He kept watch.
He didn’t abandon her.
She stepped away from the window and forced her hands back into motion. Pages. Spines. Covers. She needed evidence, not fear.
But the shop’s sounds had changed. Every creak had edges. Every passing shadow carried weight. Suspicion sank into her muscles and stayed there like a bruise.
This was why she’d walked away four years ago. Not because she couldn’t do the work. Because the work never stopped doing her.

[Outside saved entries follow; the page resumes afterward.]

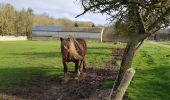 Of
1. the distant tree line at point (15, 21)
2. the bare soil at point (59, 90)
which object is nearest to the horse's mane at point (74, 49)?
the bare soil at point (59, 90)

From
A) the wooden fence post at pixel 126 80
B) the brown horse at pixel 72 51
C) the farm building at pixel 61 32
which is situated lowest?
the farm building at pixel 61 32

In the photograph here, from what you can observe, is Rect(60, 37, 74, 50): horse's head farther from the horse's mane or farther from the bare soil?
the bare soil

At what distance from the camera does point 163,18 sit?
50.9 feet

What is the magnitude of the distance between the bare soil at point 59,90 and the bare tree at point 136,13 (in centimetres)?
162

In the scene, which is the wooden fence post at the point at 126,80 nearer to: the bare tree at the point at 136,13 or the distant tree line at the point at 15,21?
the bare tree at the point at 136,13

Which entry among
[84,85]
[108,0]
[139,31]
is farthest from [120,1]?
[84,85]

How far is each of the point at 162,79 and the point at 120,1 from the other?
4829 mm

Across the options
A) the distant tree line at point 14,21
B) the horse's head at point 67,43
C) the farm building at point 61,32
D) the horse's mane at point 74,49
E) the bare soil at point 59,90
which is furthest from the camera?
the farm building at point 61,32

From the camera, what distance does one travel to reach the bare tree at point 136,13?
1505 centimetres

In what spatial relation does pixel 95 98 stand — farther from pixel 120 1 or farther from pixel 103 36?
pixel 103 36

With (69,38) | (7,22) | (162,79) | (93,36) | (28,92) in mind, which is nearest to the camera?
(28,92)

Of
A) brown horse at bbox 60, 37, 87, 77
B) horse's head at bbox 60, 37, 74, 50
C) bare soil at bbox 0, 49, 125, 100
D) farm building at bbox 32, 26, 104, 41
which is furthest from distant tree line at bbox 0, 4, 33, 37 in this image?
bare soil at bbox 0, 49, 125, 100

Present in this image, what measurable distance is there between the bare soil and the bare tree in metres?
1.62

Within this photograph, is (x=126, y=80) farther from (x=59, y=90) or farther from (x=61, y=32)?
(x=61, y=32) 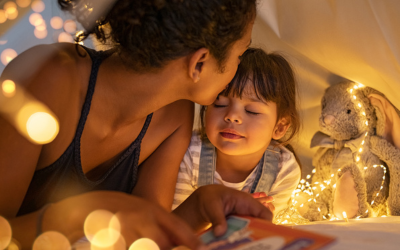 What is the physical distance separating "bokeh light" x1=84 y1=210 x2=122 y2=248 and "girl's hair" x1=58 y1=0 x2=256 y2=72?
39cm

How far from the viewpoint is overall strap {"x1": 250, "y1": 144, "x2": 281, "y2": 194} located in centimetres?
147

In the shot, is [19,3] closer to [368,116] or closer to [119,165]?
[119,165]

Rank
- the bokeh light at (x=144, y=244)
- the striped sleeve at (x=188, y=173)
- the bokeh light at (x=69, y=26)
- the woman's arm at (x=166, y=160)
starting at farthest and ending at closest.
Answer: the striped sleeve at (x=188, y=173) → the bokeh light at (x=69, y=26) → the woman's arm at (x=166, y=160) → the bokeh light at (x=144, y=244)

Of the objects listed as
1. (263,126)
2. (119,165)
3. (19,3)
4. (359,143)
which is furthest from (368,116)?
(19,3)

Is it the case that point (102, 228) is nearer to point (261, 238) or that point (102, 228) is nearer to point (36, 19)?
point (261, 238)

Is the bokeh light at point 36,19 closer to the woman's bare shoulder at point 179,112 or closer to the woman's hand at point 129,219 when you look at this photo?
the woman's bare shoulder at point 179,112

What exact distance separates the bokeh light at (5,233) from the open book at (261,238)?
1.22 ft

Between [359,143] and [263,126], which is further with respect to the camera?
[359,143]

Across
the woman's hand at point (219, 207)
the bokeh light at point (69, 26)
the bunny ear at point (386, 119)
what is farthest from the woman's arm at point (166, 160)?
the bunny ear at point (386, 119)

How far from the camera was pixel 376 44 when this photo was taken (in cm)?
132

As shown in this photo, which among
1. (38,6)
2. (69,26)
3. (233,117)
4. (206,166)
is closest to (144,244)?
(233,117)

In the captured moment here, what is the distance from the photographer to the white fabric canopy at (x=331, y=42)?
1.28m

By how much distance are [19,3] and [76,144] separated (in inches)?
21.2

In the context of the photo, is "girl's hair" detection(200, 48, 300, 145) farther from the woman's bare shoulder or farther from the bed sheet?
the bed sheet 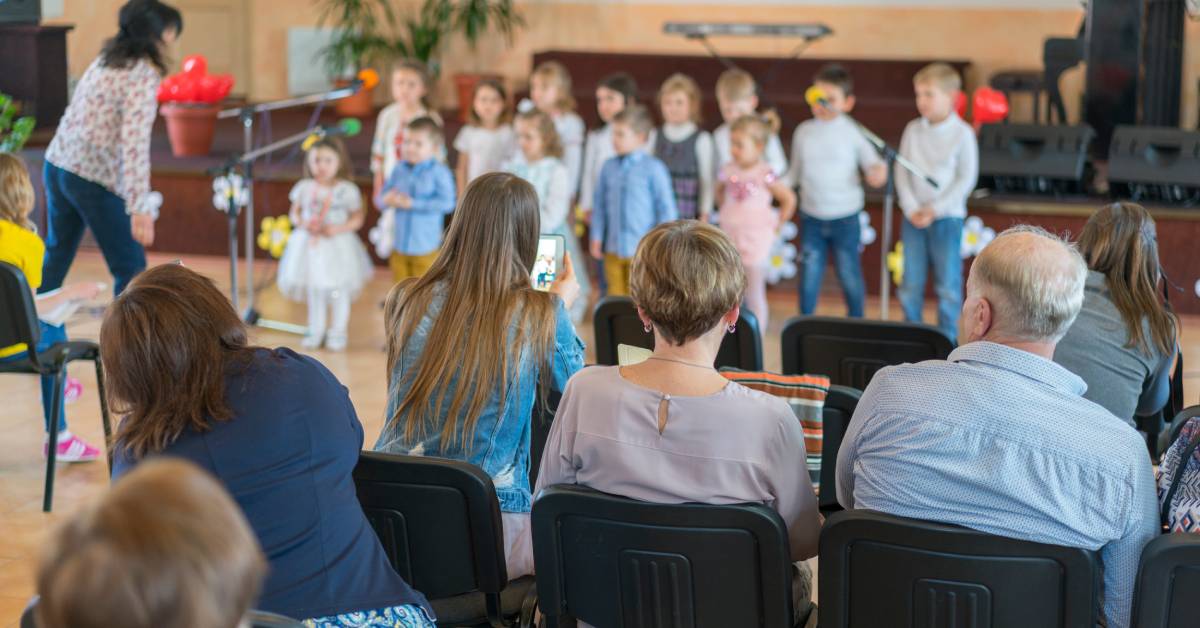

The constant vigilance. The way danger made her mistrust every smile. The way trauma rewrote ordinary moments into threats.
She thought about Jack—the way their minds used to click into place together, like gears aligning. She remembered the precision, the breakthroughs, the quiet satisfaction of giving the forgotten dead a voice again.
She also remembered the other part. How safe she’d felt beside him. How unsafe that feeling made her. How his presencehad tempted her to let her guard down. She’d survived losing him once. She didn’t know if she could survive letting him close again.
Her phone sat on the counter near her ledger. She reached for it without deciding to. Her thumb hovered over Jack’s contact.
One call. One sentence. I changed my mind. Take the case. I’ll stay out of it.
She could hand this back to him and retreat into her old life of antique auctions, display arrangements, customers who wanted stories that didn’t bleed.
Then she saw Eric again in her mind—his eyes fluttering, his hand clutching hers, his whisper scraping out like a warning from a dying man.
“They know.”
“They know what? Who?”
And why did it matter enough to hurt him?
Annie lowered the phone and slid it away. She couldn’t outrun this. She couldn’t shop her way out of danger. Whoever had targeted her already knew her name, her shop, her apartment, her uncle.
Distance wouldn’t protect Uncle Eric. Truth might.
She pulled another book from the box—a slim volume of poems with a faded cloth cover. Her fingers ran along the spine.
Then she heard it.
A soft scratching sound. Not the building settling. Not the normal creak of old wood. Not the faint tap of a loose windowpane. Something deliberate.
Something that didn’t belong.
The scratching came again—longer. Slower. Like someone dragged a tool along wood. Like fingernails carved lines with intent.
Annie’s blood turned to ice.
She angled her head toward the sound. The shop held its breath around her.
The back door.
Her mind flashed to the gouged warning upstairs. Letters cut deep enough to feel like wounds.
YOU’RE NEXT.
The scratching stopped.
Silence filled the space it left, heavier than the sound itself.
Annie snatched up her phone. Her hands shook, but she moved fast. She didn’t waste time debating. She didn’t second-guess. She ran for the front door.